We've become such a proud and egotistical nation. Our leaders think nothing of invading a country like Iraq on the fly. The political math behind the succesive Iraq war votes was the same political math that's been fueling the calculations in this country for the last forty years...back to a moment when America made its last great stand for the real ideals behind our country...equal rights, the pursuit of happiness, equality before the law...before we got embroiled in that other war. 1964 was back when a President would dare to do something simply because it was the right thing to do...and because there were thousands of righteous and organized voices demanding it be so.
Of course, that war, Viet Nam, broke so many things.
Martin Luther King Jr. was protesting that war and fighting poverty the year he was shot. That same year Vice President Hubert Humphrey, who was a white voice for civil rights before that was a popular stance, broke his campaign for President on that war as well. Viet Nam was bigger than Humphrey. The depth of the hate in America was bigger than Martin Luther King Jr. In 1968, America learned the hard way about what ideals can, and cannot, do.
We are at a new turning point. It might not happen this election. But it will soon.
Children in our nation are born into a world with no idea of what fresh farm ice cream tastes like...or what it's like to live on a farm in harmony with one's animals and nature itself in a balanced cycle of life and death. And nobody puts pictures of imperfect, idealistic politicians on the wall anymore. It just wouldn't make sense.

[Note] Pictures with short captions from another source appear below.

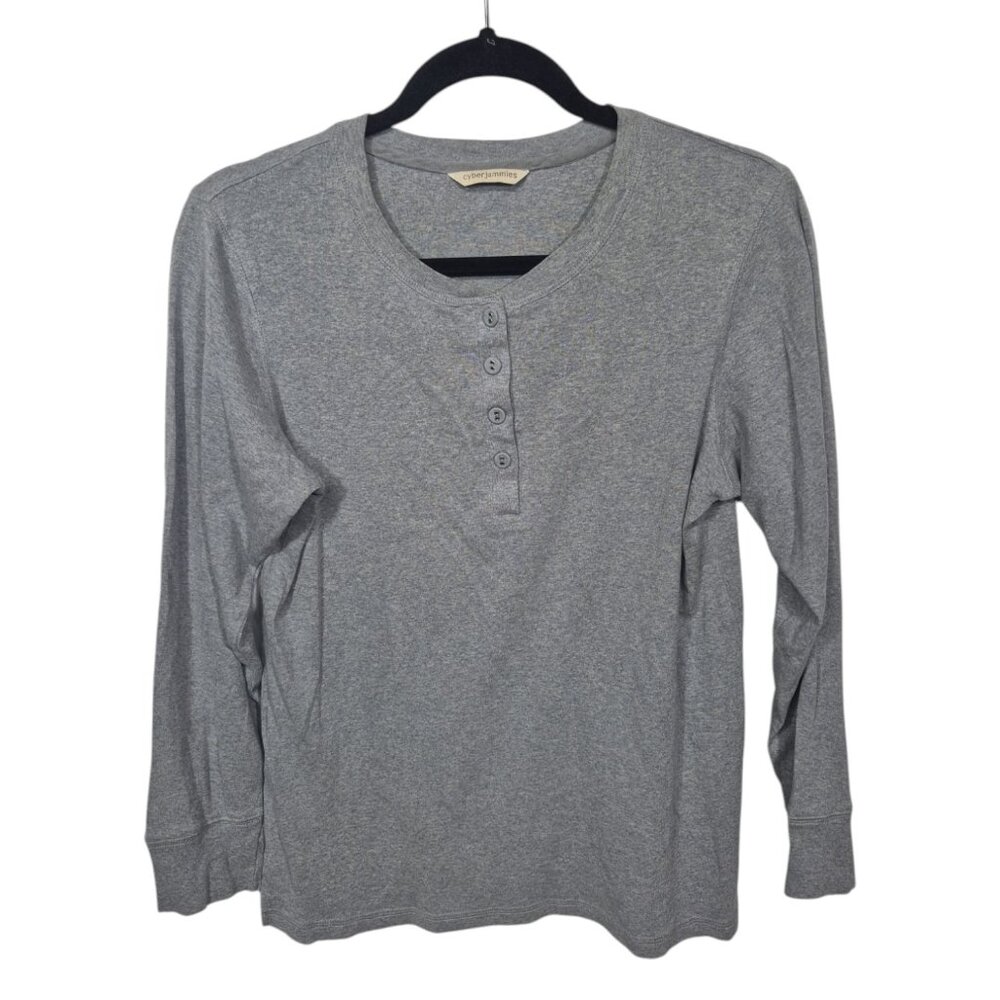Cyberjammies Womens Pajama Top Size 10 100% Cotton Henley Long Sleeve Loungewear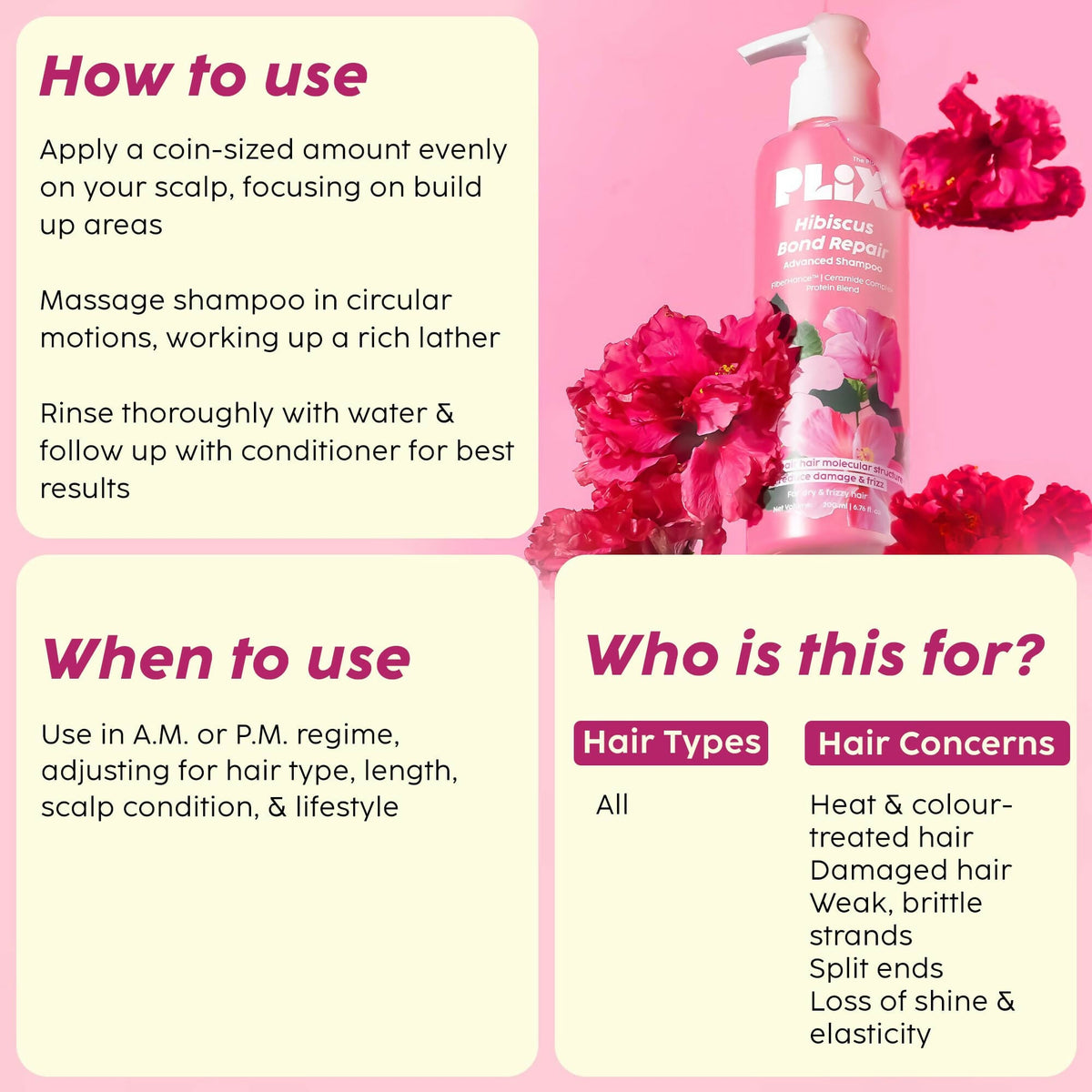 PLIX The Plant Fix Hibiscus Bond Repair Advanced Shampoo For Damaged, Frizzy Hair | Grocsy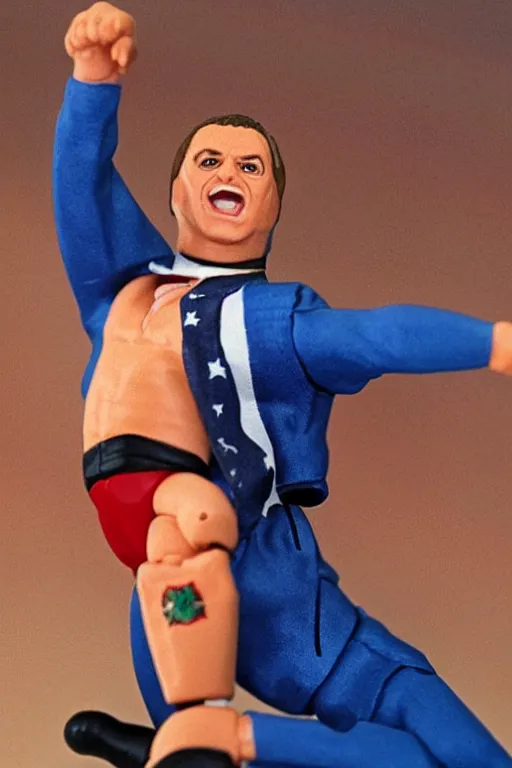 Image similar to detailed illustration, anthony albanese as a 1 9 8 0 s wrestling action figure, prime minister of australia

Instead, we live in a world somewhere between the real world you see everyday and the one you are reading now. Cell phone calls, text messages, blogs, instant communication and analysis. The only way to get out the message about global warming is to make a movie about and hope the DVD does well. That's an inconvenient truth, too. You gotta hit 35,000 views on YouTube or you are nobody.
Talking to our neighbors is such an old fashioned relic of the past...like water from a dipper. Who needs neighbors anyways? Which is a funny thing. Because the other day I got together with some neighbors and talked about local politics. It's funny what you can learn when you do that, the friends you can make. It's funny how it will change your mind about the kind of power you have at your fingertips when you actually, you know, start to do something.
These folks had something to do with this group called DFA that is based on that idea. Meeting up, talking about politics with your neighbors, inviting other people to get involved.
There's other groups like that. They all work on the same principle. Local politics is a way to stay sane and change this world...one block at a time. Getting organized locally is a powerful way we can live up to our ideals and make them count. From where I stand, it's also one of the the only ways we humans can confront the force of history...one community at a time. That's how we founded this country, and it's how Rev. King forged the Civil Rights movement. In fact, there was a guy who was popular last presidential election cycle. His name was Howard Dean. He wasn't perfect. Nobody is. But his message was similar to what I'm trying to convey tonight. We are living at a turning point. These are exciting, significant times. What we do and say makes a difference.
Now, let's get off our asses and do something about it.